### DIRECTIONS
Return all of the data exactly, omitting any images.

### RAW DATA
***

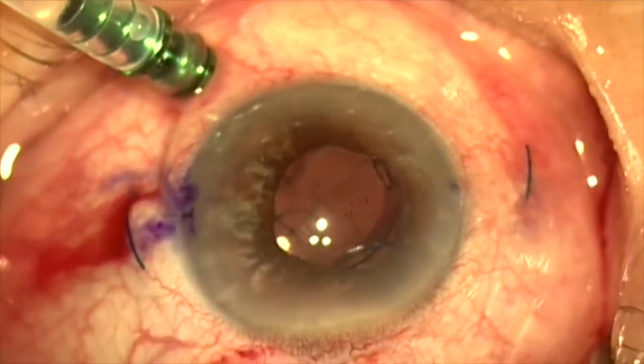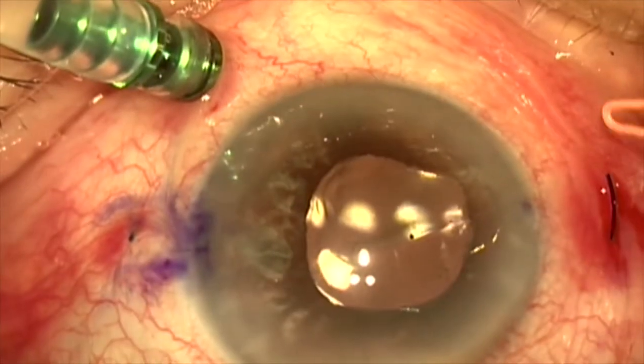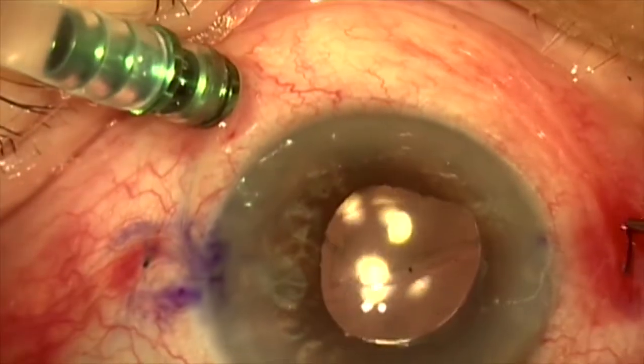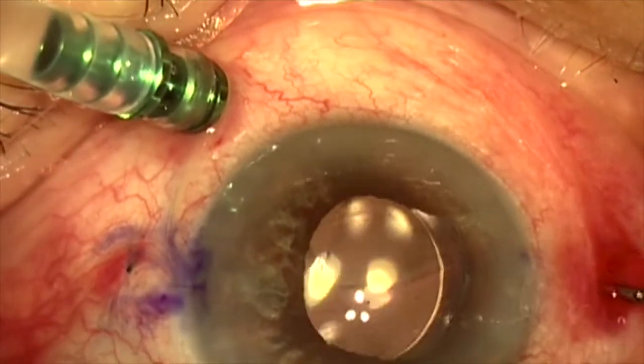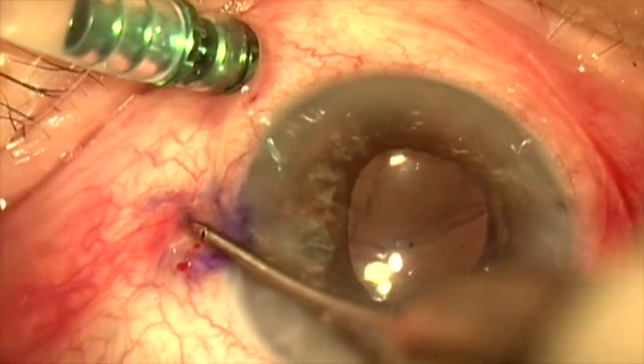We'll now melt the tip of these haptics with a hot-tip cautery. We'll tuck these haptic tips into their respective scleral tunnels, and the lens centers very nicely.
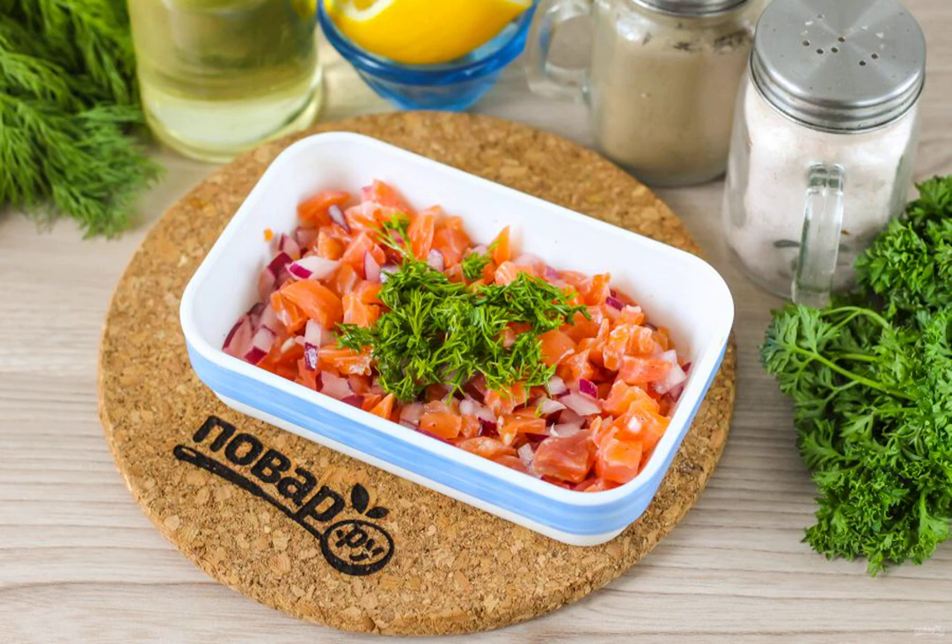Wash the dill sprigs and chop them. Add to the fish and mix everything together. Place the mixture in the refrigerator for 20 to 30 minutes so that the lemon juice has time to marinate it.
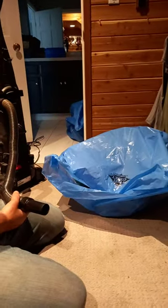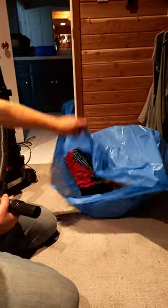This is the cheap way to use trash bags instead of vacuum bags to shrink. You've folded flat all these clothes and you can see how big it is.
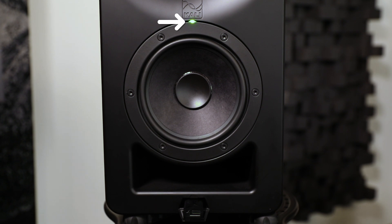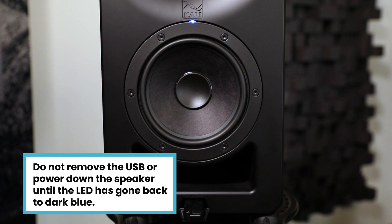The LED on the speaker should flash green and then go back to dark blue. Do not remove the USB or power down the speaker until the LED has gone back to dark blue.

***

### YOUR RESPONSE
We'll now melt the tip of these haptics with a hot-tip cautery. We'll tuck these haptic tips into their respective scleral tunnels, and the lens centers very nicely.
Wash the dill sprigs and chop them. Add to the fish and mix everything together. Place the mixture in the refrigerator for 20 to 30 minutes so that the lemon juice has time to marinate it.
This is the cheap way to use trash bags instead of vacuum bags to shrink. You've folded flat all these clothes and you can see how big it is.
The LED on the speaker should flash green and then go back to dark blue. Do not remove the USB or power down the speaker until the LED has gone back to dark blue.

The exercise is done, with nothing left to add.